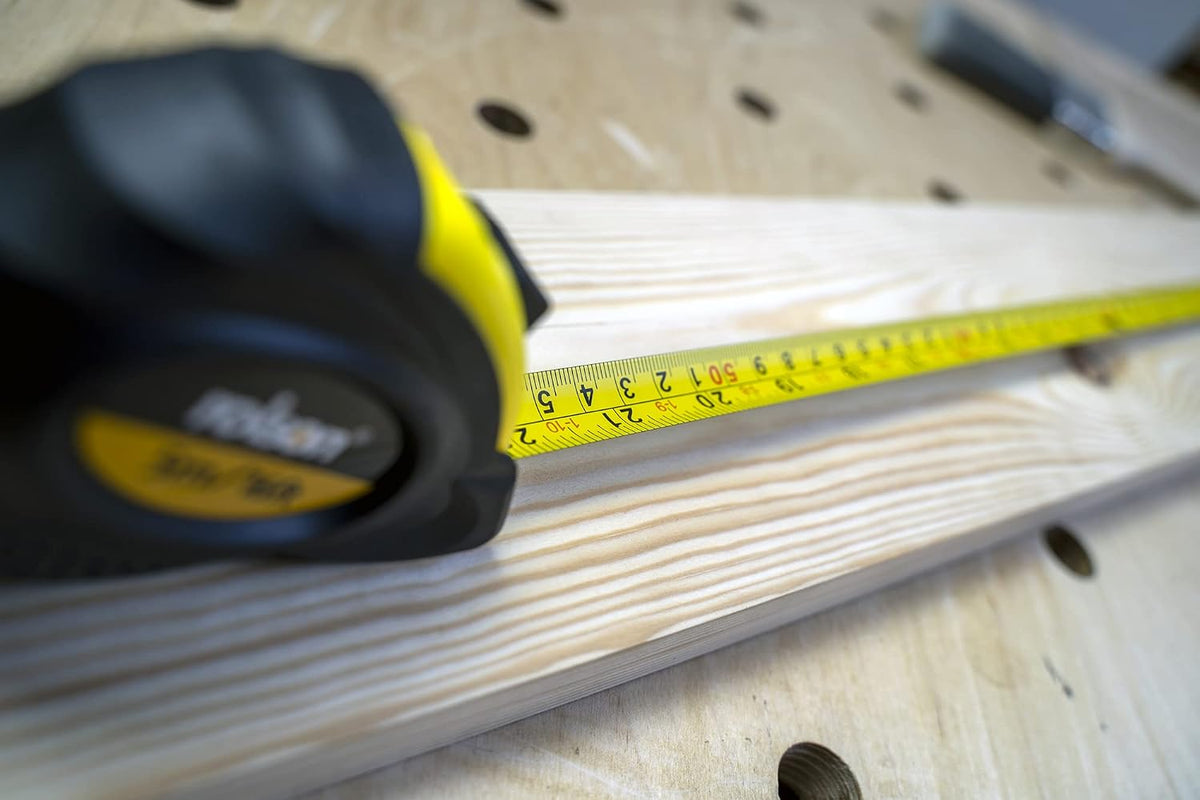 Rolson 50535 5 m x 19 mm Tape Measure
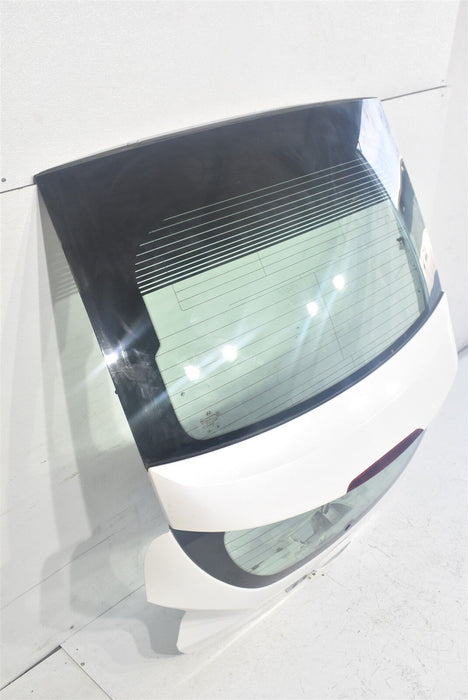 2012-2016 Hyundai Veloster Trunk Hatch Lift Gate Tailgate Deck OEM 12-16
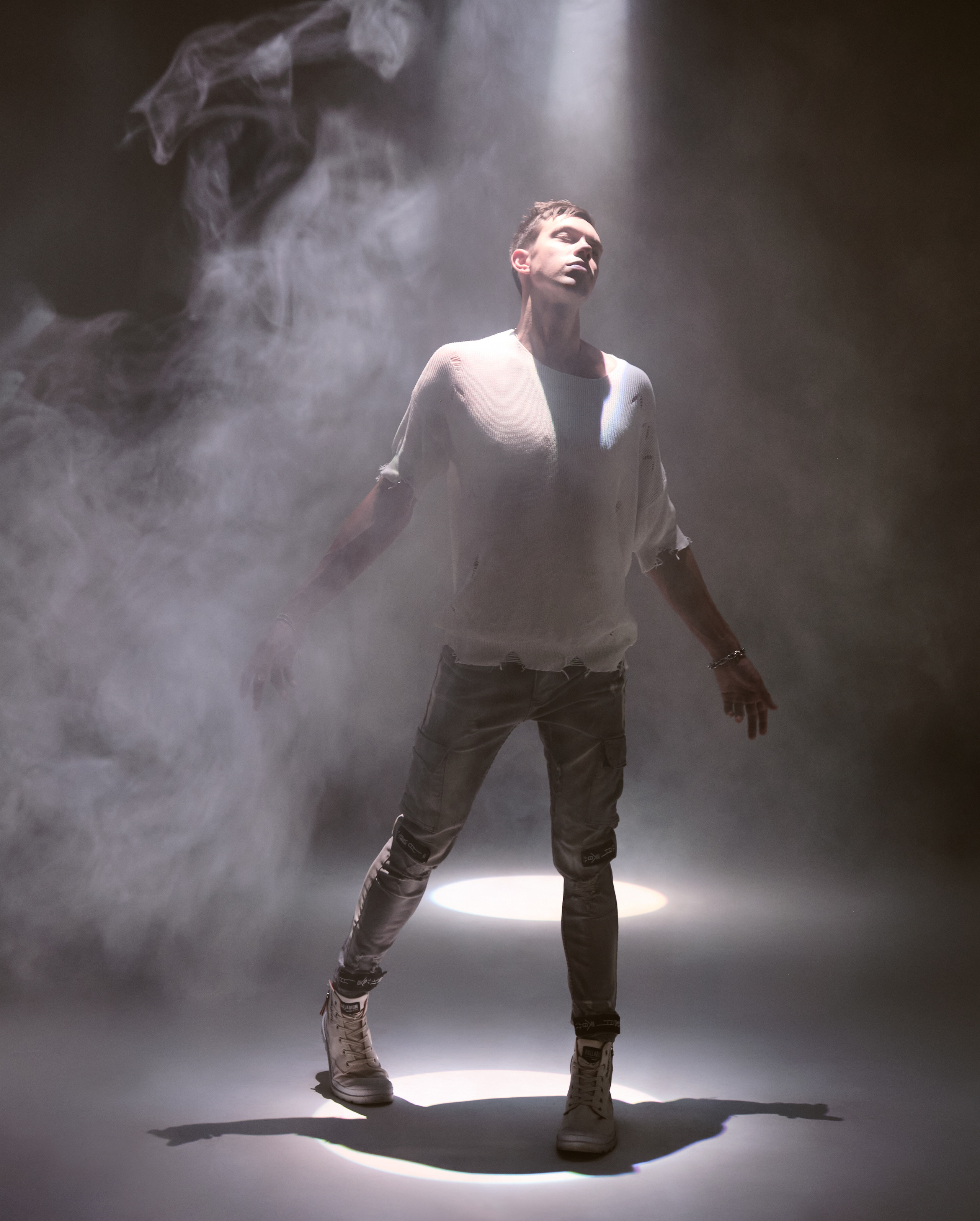 Паша, группа «МСН». Коммерческий, репортажный фотограф в Москве Лейла Мару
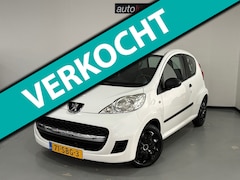 Peugeot 107 - 1.0-12V XR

**INSTRUCTIONS TO FOLLOW**
The span to retype runs from the line containing "Москве Лейла Мару" through the last line of the listing above, both ends included; copy it exactly, without pictures.

**ANSWER SECTION**
 Паша, группа «МСН». Коммерческий, репортажный фотограф в Москве Лейла Мару
 Peugeot 107 - 1.0-12V XR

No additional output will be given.